#### Dataset section ####
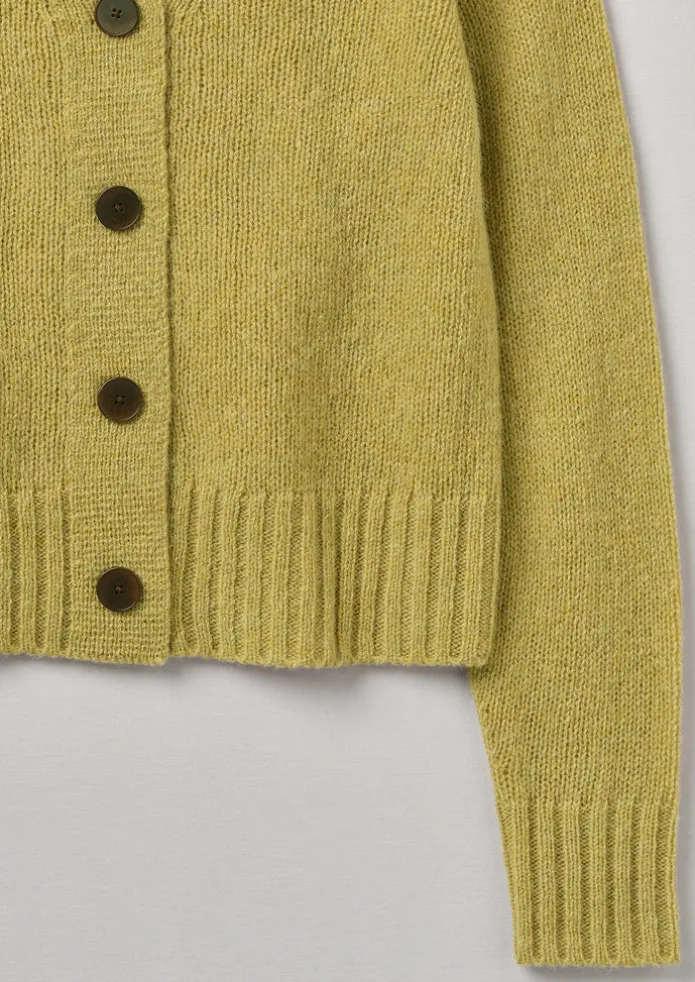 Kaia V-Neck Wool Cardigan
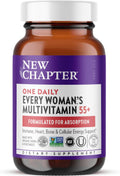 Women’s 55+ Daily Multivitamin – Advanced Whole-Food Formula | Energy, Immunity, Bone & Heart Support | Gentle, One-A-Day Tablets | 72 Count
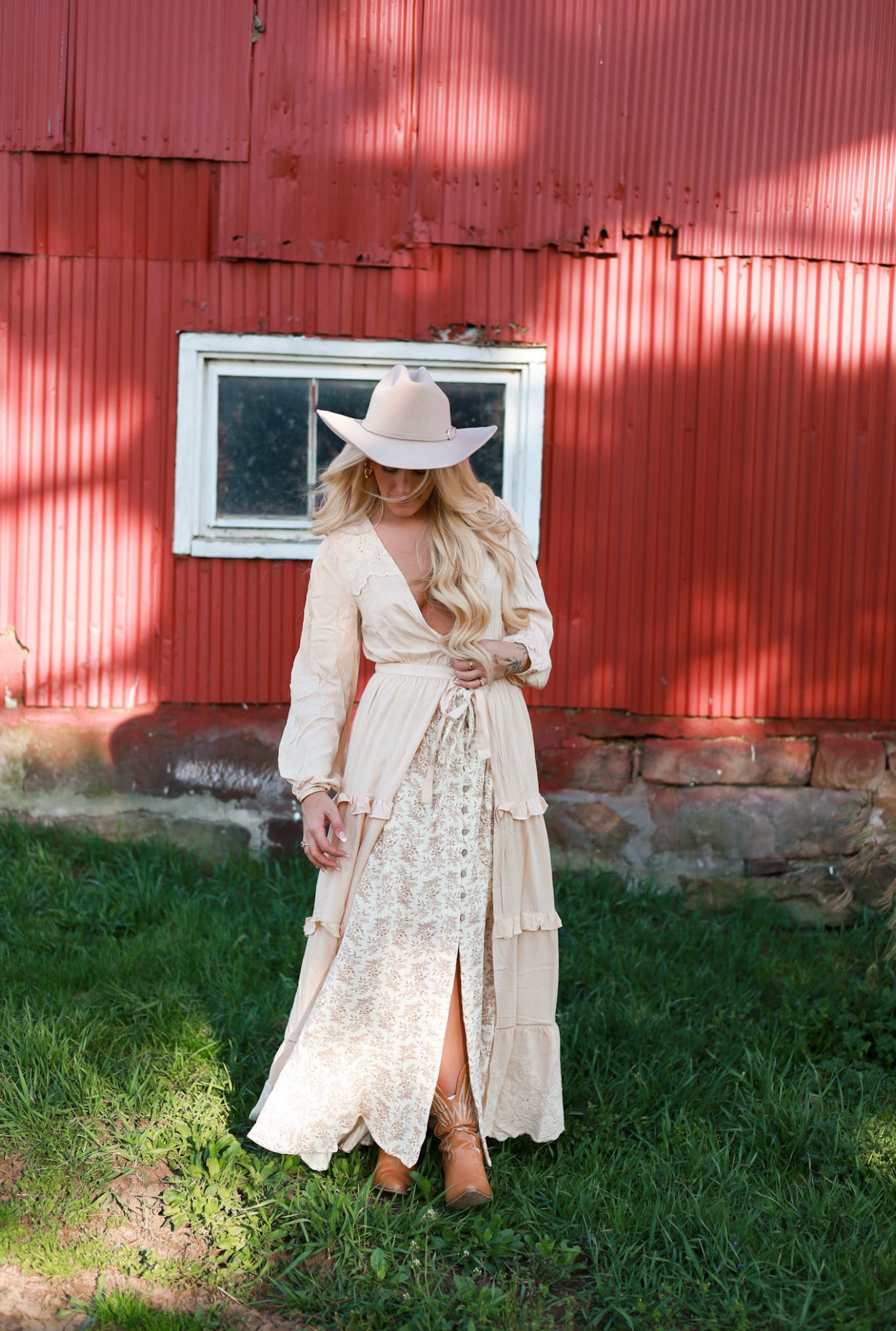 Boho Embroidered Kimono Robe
####
Repeat the lines above precisely and skip every picture.

 Kaia V-Neck Wool Cardigan
 Women’s 55+ Daily Multivitamin – Advanced Whole-Food Formula | Energy, Immunity, Bone & Heart Support | Gentle, One-A-Day Tablets | 72 Count
 Boho Embroidered Kimono Robe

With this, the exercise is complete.